▶ What is being asked: In the listing that follows, print every line exactly and leave the images out.

▶ Exercise input:

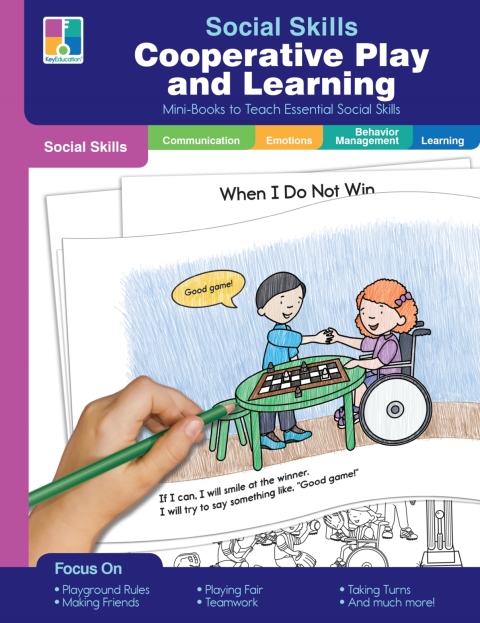 Cover image for book Social Skills Mini-Books Cooperative Play and Learning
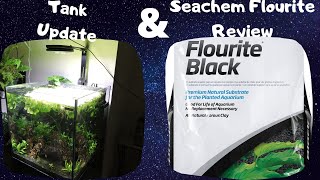 Update On The 24g Aquatop Planted Tank Review Of Seachem Flourite [upl. by Arytas102]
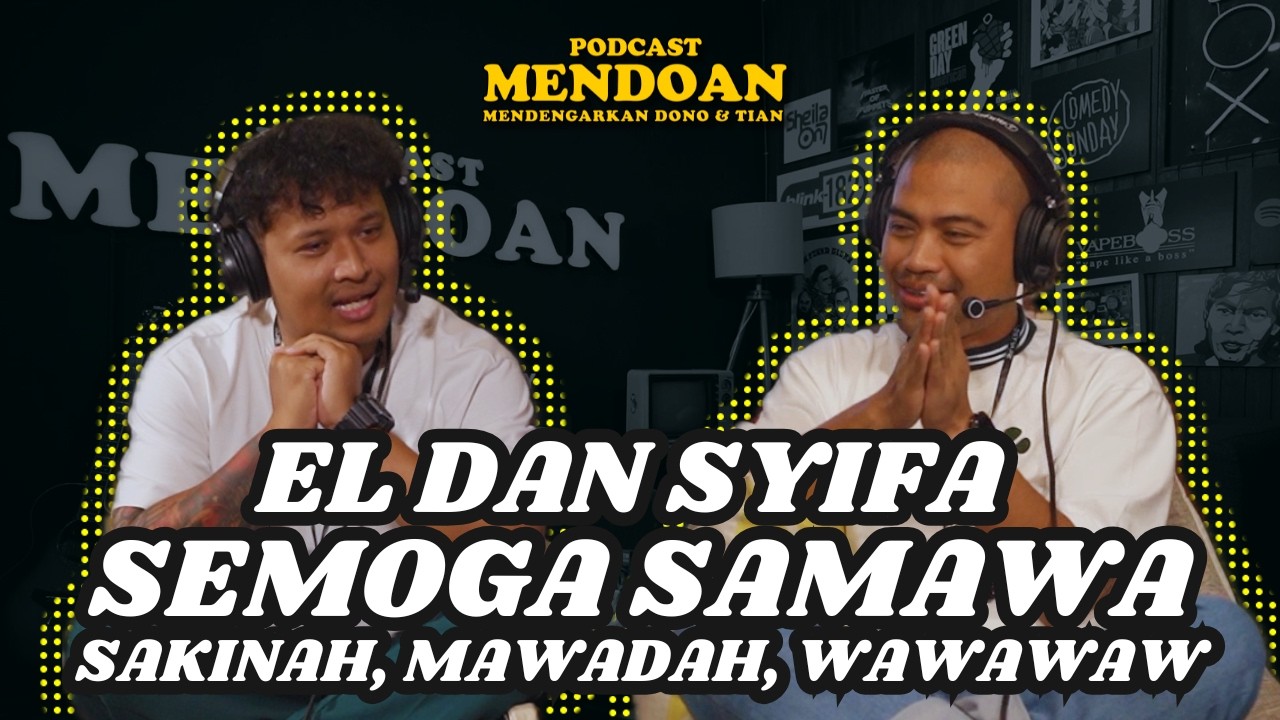 PODCAST MENDOAN - HEPI WEDDING EL RUMI DAN SYIFA HADJU cover art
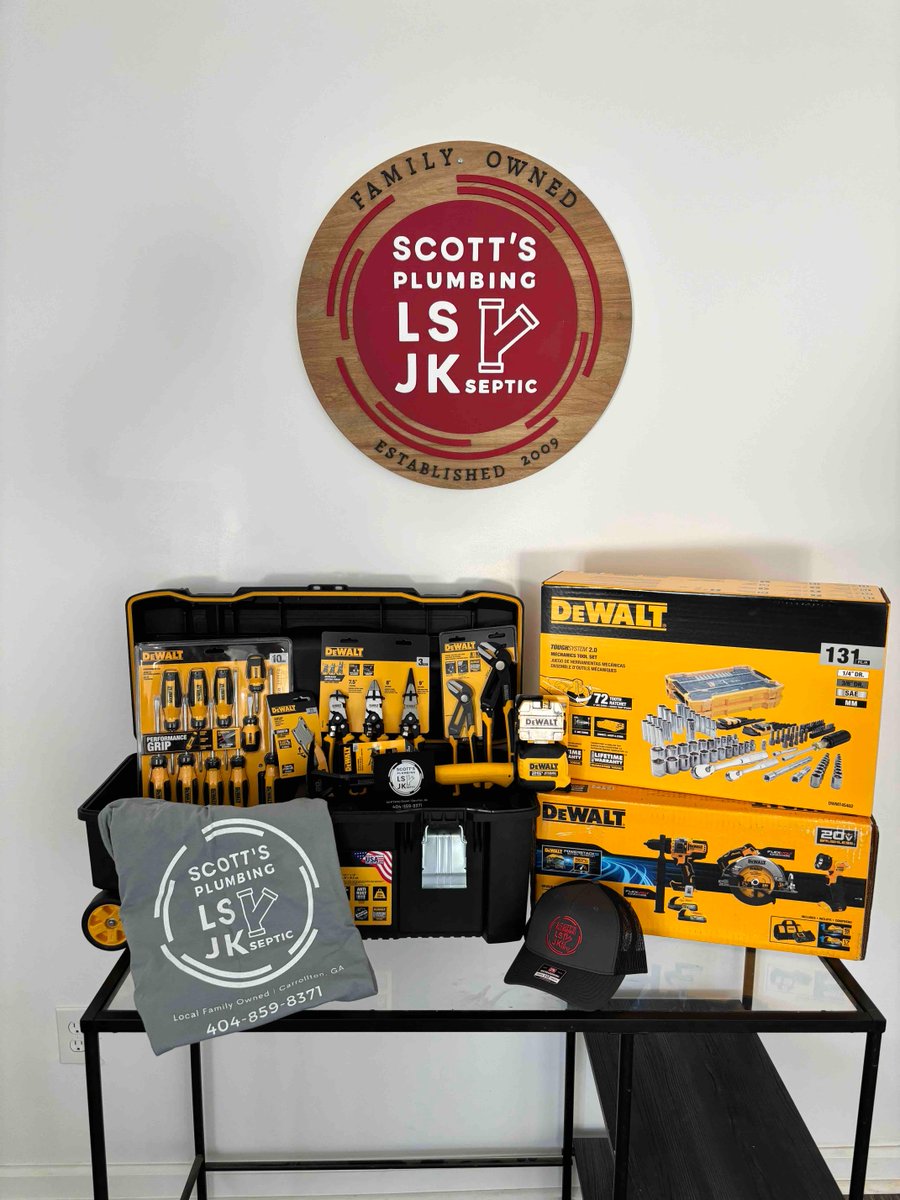 Trojan_Sports's tweet photo. Silent auction item of the day!

Dewalt toolbox and tools, courtesy of  Scott’s Plumbing. Get your tickets NOW at the link below!

https://t.co/BVckQjevbn https://t.co/0QyDpXHY6w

▶ Completed task:
 Cover image for book Social Skills Mini-Books Cooperative Play and Learning
 Update On The 24g Aquatop Planted Tank Review Of Seachem Flourite [upl. by Arytas102]
 PODCAST MENDOAN - HEPI WEDDING EL RUMI DAN SYIFA HADJU cover art
 Trojan_Sports's tweet photo. Silent auction item of the day!

Dewalt toolbox and tools, courtesy of  Scott’s Plumbing. Get your tickets NOW at the link below!

https://t.co/BVckQjevbn https://t.co/0QyDpXHY6w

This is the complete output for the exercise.